Książę Karol wpadł w dziki szał! Zaczął rzucać talerzami twierdząc, że żyje w istnym piekle! A wszystko przez…
Książę Karol nie ma najlepszej opinii wśród Brytyjczyków. Po tragicznej śmierci księżnej Diany i ślubie z Camillą Parker-Bowles, poparcie dla syna królowej Elżbiety II spadło do 9%, a w chwili obecnej wynosi zaledwie 20% (80% otrzymuje jego potomek – książę William) w sondażach dotyczących tego, kogo poddani widzieliby na tronie po śmierci monarchini.

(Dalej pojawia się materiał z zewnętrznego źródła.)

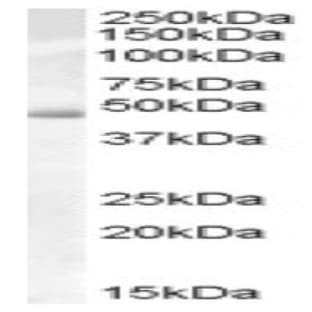 anti-Actin-Like 7b (Actl7b) (Internal Region) antibody avatar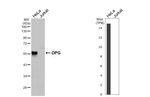 TNFRSF11B Recombinant Rabbit Monoclonal Antibody (HL3377)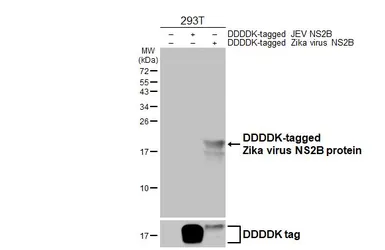 Anti-Zika virus NS2B protein antibody [HL5585] used in Western Blot (WB). GTX646267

Na pewno wizerunku Karola nie poprawi nieoficjalna biografia, która lada dzień ujrzy światło dzienne. Lada dzień do księgarni trafi książka Rebel Prince, w której ujawnione zostaną pikantne historie z udziałem księcia. Jak twierdzą brytyjskie tabloidy, z publikacji wyłania się obraz zbuntowanego i wiecznie niezadowolonego księcia.

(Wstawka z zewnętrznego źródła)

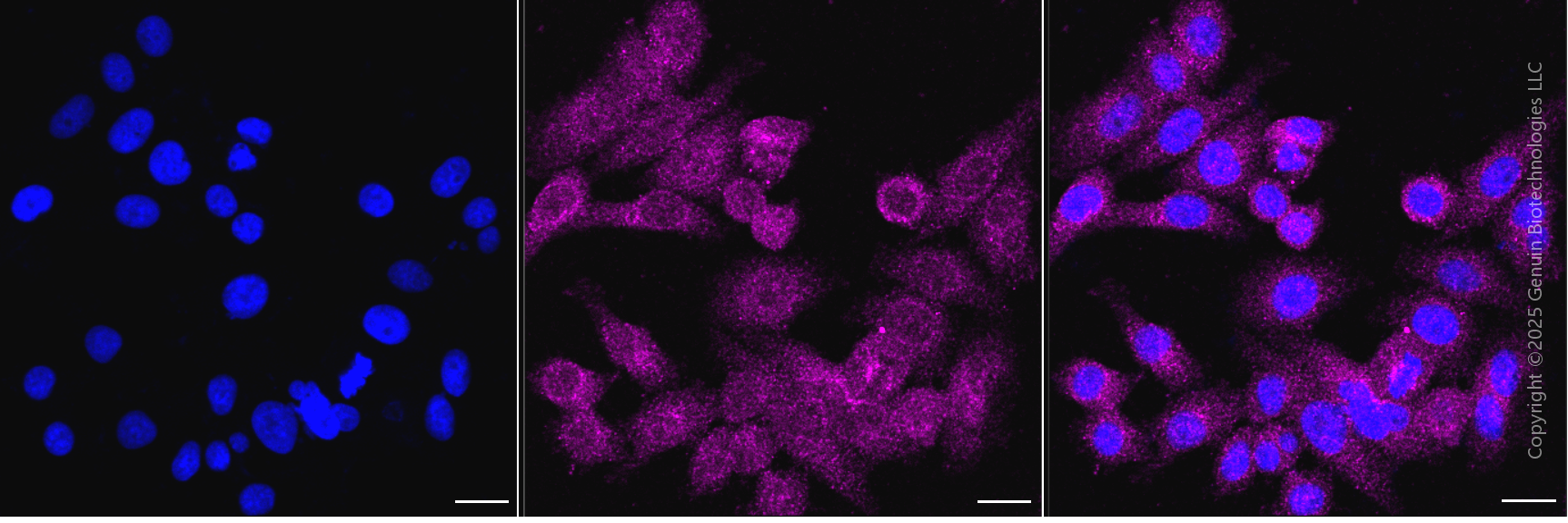 KO-Validated Anti-ARHGDIA Mouse Monoclonal Antibody ABG2402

Podobno Karol nie jest zadowolony z faktu, że urodził się w rodzinie królewskiej. Męczy go częste powracanie do czasu związku z Dianą, być może dlatego nie przepada za większością swojej rodziny, z którą przyszło mu spędzać większość czasu za murami Pałacu Buckingham:
Wpływ na "rzucanie talerzami" na pewno miało także przykre dla Karola spotkanie z brytyjskim politykiem Peterem Mandelsonem, który ponoć powiedział synowi Elżbiety II, że cieszy się opinią "ponurego i zniechęconego".